Lets start a fresh "MegaScale AWES Concepts" review, which perhaps needed the NZ debacle as a wake-up call to motivate the exercise,

daveS
Group: AirborneWindEnergy Message: 7038 From: dave santos Date: 9/13/2012
Subject: Makani had already answered?! //Re: [AWES] Re: Status
Robert,

You wrote- "Makani had already answered the question you asked."

So where did they answer this? 

I only personally discovered the answer by reasoning from my aviation knowledge and experience, then studying the videos closely for small clues. The PR narrative represented a very different impression. Corwin's public admission confirmed my theory.

Lets all wish you can always provide sources for your amazing assertions of fact,

daveS
Group: AirborneWindEnergy Message: 7039 From: Joe Faust Date: 9/13/2012
Subject: "MegaScale AWES Concepts" review
"MegaScale AWES Concepts" review

This topic thread aims to review the AWES space
for its MegaScale-AWES concepts.   

All earth is invited to bring forward fit matter to topic. 

Describe the mega scale of AWES that otherwise may be being explored at handy  scales. 
Thing BIG, LARGE, GRAND.    We have some fit matter in group and out of group. Link 
when you can, but review even without the links.  Governments and investors as well as
developers should be blessed with this thread!   Be not timid even to go beyond utility-scale AWES. 
Review the nation-scale AWES and even the Whole-earth AWES space. 

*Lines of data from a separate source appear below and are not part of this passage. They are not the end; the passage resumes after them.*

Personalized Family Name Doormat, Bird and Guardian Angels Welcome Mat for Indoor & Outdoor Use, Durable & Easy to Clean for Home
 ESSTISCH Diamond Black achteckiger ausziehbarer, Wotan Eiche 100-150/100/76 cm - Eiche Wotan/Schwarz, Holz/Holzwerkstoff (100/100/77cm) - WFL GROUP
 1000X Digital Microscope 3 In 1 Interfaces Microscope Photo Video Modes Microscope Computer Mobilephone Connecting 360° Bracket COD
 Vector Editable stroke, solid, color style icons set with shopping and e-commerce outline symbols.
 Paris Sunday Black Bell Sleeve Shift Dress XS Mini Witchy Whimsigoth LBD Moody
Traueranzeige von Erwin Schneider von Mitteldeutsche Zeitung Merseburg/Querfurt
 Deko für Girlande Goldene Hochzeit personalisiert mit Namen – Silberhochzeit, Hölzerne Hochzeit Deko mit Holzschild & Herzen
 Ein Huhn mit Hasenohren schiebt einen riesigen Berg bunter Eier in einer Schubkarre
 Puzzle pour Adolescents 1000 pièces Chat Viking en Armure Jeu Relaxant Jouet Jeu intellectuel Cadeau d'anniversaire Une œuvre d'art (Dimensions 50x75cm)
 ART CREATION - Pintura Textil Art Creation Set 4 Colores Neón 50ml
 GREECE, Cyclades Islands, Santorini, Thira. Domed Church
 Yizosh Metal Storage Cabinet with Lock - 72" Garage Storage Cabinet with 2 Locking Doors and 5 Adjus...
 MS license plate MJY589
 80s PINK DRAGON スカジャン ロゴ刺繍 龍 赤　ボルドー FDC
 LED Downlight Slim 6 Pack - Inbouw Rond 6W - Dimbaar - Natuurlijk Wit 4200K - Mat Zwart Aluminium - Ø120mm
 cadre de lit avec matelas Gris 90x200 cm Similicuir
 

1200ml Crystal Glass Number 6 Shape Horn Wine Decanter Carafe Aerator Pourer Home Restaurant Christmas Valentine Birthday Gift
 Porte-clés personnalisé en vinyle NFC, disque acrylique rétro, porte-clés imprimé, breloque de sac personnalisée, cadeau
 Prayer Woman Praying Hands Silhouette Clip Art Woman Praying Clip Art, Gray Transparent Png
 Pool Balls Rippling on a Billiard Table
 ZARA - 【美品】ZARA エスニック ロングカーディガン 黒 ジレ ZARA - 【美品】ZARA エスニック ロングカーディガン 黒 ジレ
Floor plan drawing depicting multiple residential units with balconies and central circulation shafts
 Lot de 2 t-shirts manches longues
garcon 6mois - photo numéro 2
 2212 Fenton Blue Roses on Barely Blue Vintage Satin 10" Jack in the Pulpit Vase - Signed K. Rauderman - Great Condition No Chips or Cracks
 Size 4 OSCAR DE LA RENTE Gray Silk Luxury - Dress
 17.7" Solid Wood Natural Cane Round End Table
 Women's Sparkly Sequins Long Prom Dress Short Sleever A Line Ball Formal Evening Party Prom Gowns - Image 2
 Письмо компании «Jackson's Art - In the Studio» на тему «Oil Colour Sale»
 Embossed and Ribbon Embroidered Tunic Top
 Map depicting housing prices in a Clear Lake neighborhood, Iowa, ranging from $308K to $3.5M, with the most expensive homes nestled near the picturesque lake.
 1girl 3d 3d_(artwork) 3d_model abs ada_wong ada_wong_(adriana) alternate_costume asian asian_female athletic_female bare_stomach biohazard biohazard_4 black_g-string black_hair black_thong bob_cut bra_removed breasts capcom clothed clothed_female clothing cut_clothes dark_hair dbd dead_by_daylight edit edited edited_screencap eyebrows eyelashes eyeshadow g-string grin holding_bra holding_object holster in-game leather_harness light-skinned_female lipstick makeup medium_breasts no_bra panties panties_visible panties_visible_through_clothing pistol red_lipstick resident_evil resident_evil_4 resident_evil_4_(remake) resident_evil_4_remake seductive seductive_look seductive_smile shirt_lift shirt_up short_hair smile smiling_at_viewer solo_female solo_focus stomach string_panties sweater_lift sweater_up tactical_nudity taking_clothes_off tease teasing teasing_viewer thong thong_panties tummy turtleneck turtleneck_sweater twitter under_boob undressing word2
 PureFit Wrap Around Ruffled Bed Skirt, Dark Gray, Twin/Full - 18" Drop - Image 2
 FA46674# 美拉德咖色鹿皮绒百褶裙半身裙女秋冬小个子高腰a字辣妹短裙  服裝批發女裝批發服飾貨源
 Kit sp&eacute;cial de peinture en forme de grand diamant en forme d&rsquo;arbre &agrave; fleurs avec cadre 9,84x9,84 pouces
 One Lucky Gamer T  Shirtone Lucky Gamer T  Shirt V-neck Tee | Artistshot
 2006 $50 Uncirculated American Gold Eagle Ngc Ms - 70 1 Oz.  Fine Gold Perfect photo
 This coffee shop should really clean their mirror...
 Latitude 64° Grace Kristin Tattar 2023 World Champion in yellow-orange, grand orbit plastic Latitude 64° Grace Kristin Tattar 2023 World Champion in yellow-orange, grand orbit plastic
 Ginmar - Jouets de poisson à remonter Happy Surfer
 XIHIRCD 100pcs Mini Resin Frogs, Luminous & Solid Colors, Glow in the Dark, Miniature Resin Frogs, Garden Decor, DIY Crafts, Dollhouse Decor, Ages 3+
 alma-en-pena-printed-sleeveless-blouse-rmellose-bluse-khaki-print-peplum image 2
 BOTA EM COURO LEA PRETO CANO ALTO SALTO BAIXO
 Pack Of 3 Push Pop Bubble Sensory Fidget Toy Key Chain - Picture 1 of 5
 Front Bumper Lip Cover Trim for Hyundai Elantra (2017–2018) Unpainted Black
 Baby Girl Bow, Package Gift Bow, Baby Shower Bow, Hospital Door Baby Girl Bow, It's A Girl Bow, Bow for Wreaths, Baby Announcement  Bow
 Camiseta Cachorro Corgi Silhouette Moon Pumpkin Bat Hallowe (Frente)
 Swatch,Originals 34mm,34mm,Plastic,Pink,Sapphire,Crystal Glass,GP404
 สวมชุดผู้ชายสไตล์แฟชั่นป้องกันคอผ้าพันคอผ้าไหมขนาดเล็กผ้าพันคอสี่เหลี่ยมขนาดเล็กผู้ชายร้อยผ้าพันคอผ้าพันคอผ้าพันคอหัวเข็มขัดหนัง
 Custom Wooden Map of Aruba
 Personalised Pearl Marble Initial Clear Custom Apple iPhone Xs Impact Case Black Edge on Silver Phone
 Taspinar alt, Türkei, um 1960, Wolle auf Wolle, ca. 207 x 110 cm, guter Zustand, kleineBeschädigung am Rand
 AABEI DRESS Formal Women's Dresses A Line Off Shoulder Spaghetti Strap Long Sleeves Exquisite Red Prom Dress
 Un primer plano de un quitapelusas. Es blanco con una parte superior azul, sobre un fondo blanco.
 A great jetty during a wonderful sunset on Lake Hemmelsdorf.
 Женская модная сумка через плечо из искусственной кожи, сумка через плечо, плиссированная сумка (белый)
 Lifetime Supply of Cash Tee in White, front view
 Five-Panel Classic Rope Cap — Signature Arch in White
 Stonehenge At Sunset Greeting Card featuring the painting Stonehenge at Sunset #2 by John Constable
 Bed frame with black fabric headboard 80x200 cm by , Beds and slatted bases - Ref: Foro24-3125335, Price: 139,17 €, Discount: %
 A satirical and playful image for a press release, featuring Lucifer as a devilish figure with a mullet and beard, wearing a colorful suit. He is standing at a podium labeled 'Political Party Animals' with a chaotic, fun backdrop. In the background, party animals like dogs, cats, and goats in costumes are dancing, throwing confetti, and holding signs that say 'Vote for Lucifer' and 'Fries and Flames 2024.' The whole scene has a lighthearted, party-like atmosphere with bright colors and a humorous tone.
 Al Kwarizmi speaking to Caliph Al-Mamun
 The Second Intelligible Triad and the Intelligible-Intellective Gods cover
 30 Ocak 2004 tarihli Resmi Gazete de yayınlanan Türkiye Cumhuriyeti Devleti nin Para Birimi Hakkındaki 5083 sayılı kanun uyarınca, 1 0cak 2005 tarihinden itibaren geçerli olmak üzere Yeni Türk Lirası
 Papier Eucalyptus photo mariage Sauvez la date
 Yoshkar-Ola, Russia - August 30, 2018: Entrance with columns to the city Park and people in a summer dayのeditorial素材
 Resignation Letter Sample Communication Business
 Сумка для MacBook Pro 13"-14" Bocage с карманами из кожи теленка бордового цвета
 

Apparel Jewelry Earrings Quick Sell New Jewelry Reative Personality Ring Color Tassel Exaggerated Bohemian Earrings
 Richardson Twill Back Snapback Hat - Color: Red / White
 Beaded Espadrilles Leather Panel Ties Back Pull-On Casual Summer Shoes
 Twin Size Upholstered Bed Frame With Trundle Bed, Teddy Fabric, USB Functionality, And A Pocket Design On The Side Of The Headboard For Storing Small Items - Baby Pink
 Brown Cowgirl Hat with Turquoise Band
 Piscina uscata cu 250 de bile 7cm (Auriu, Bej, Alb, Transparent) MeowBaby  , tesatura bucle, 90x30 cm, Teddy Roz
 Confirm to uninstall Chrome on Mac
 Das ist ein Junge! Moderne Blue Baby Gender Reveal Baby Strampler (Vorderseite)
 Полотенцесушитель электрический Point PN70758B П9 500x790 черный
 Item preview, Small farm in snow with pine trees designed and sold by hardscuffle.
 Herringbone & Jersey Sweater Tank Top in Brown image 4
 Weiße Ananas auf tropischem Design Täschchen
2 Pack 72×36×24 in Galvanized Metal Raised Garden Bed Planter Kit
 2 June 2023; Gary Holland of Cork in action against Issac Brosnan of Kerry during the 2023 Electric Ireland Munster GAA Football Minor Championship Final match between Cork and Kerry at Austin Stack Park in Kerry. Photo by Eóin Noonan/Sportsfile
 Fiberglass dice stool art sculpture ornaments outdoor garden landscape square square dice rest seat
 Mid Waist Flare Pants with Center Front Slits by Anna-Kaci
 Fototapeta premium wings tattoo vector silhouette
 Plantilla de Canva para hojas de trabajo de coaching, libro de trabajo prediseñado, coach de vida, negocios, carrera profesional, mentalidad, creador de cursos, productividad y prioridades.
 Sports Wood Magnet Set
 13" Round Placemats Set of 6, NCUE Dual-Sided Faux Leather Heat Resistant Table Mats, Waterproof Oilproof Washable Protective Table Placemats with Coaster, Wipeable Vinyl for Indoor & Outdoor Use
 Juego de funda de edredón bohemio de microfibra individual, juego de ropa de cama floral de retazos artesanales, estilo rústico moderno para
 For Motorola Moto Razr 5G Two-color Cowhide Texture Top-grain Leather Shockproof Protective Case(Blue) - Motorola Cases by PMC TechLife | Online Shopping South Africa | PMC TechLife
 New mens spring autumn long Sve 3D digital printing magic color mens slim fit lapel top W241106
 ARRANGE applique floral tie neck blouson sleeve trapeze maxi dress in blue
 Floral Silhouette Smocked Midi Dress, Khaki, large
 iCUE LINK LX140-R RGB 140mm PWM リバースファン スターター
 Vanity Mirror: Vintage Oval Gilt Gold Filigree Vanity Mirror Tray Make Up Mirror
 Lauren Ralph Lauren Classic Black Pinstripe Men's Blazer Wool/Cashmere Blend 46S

Please watch topic-starting titles; post replies to titles; 
if you feel your post would be best served by a new topic title, then 
please form the new topic, so others may best support your focus. 
Group: AirborneWindEnergy Message: 7040 From: Robert Copcutt Date: 9/13/2012
Subject: Re: Oscillating arch kite AWES
I think the kite or balloon pulling up at the centre spoils an otherwise
promising idea. The Kitelab videos already show the arc is easy to
launch by lifting the centre with a pole.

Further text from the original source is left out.